Exercise instructions
In full and word for word, copy the listing; no pictures belong in the copy.

Recorded data
********************
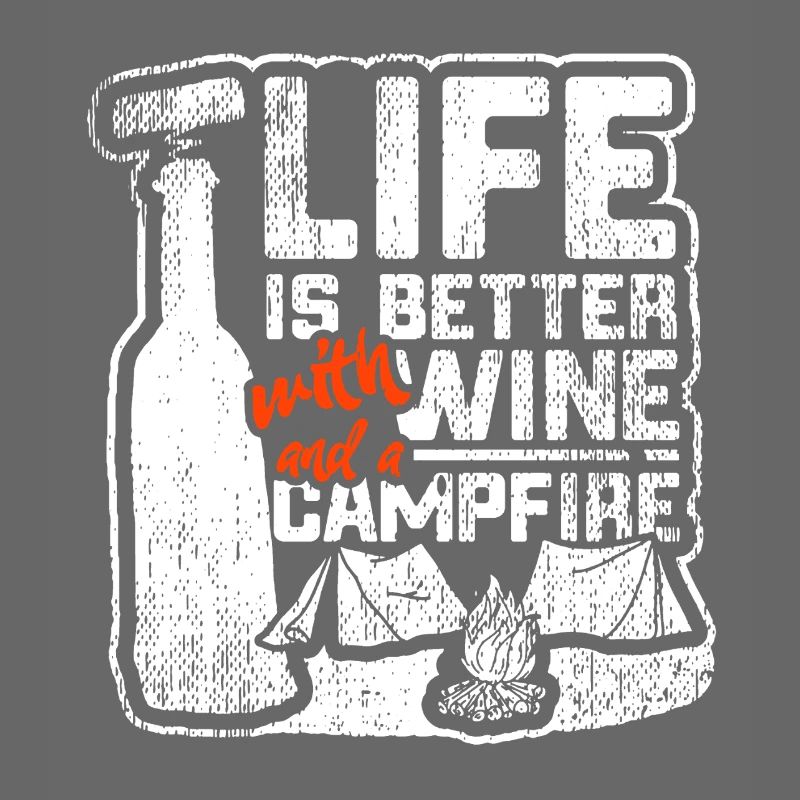 Life Is Better With Wine And Campfire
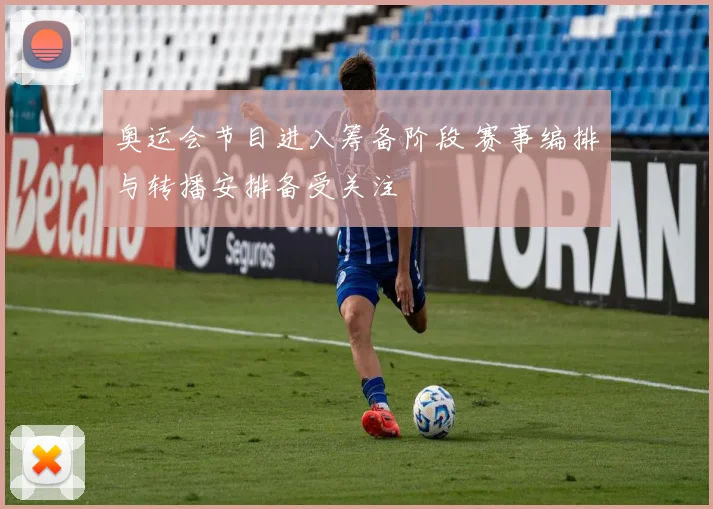 奥运会节目进入筹备阶段 赛事编排与转播安排备受关注
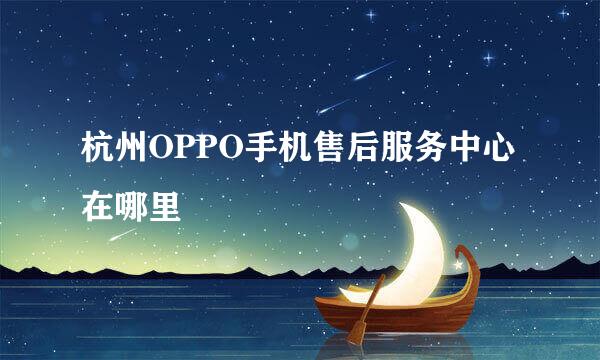 杭州OPPO手机售后服务中心在哪里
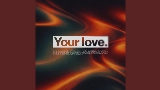 Miniatura del vídeo Your Love (Tonight)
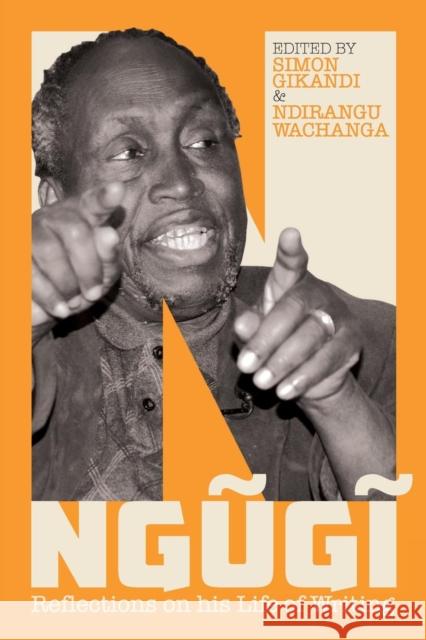 Ngugi: Reflections on His Life of Writing Simon Gikandi Ndirangu Wachanga 9781847012142 James Currey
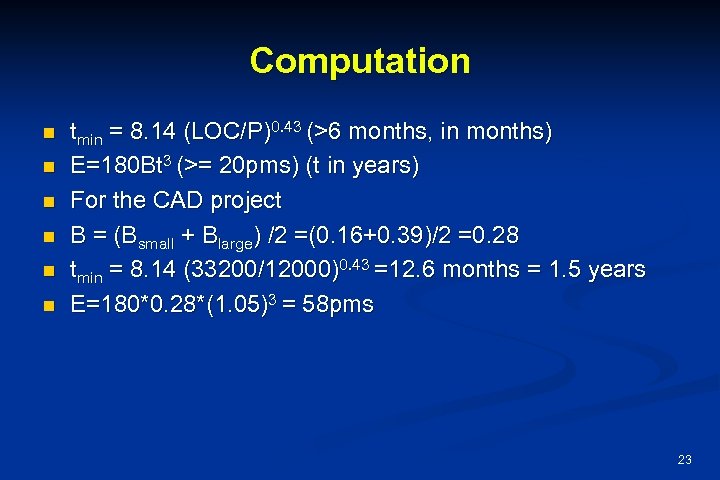 Computation n n n tmin = 8. 14 (LOC/P)0. 43 (>6 months, in months)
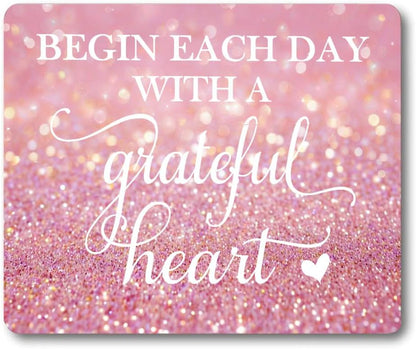 Begin Each Day with A Grateful Heart Quote Mouse Pad, Pink Glitter Desk Mat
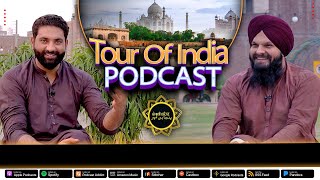 Tour Of India | PODCAST #8 | pupinder singh Lovely With Nasir Dhillon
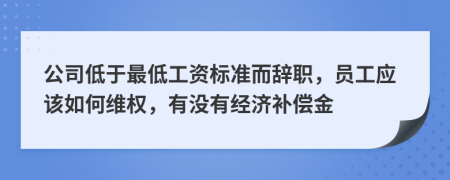 公司低于最低工資標(biāo)準(zhǔn)而辭職，員工應(yīng)該如何維權(quán)，有沒有經(jīng)濟(jì)補(bǔ)償金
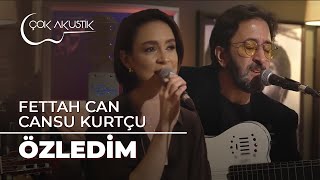 #ÇokAkustik - Fettah Can & Cansu Kurtçu & Ercan Saatçi - Özledim -  #çokakustik Resimi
********************
Exercise response
 Life Is Better With Wine And Campfire
 奥运会节目进入筹备阶段 赛事编排与转播安排备受关注
 杭州OPPO手机售后服务中心在哪里
 Miniatura del vídeo Your Love (Tonight)
 Ngugi: Reflections on His Life of Writing Simon Gikandi Ndirangu Wachanga 9781847012142 James Currey
 Computation n n n tmin = 8. 14 (LOC/P)0. 43 (>6 months, in months)
 Begin Each Day with A Grateful Heart Quote Mouse Pad, Pink Glitter Desk Mat
 Tour Of India | PODCAST #8 | pupinder singh Lovely With Nasir Dhillon
 公司低于最低工資標(biāo)準(zhǔn)而辭職，員工應(yīng)該如何維權(quán)，有沒有經(jīng)濟(jì)補(bǔ)償金
 #ÇokAkustik - Fettah Can & Cansu Kurtçu & Ercan Saatçi - Özledim -  #çokakustik Resimi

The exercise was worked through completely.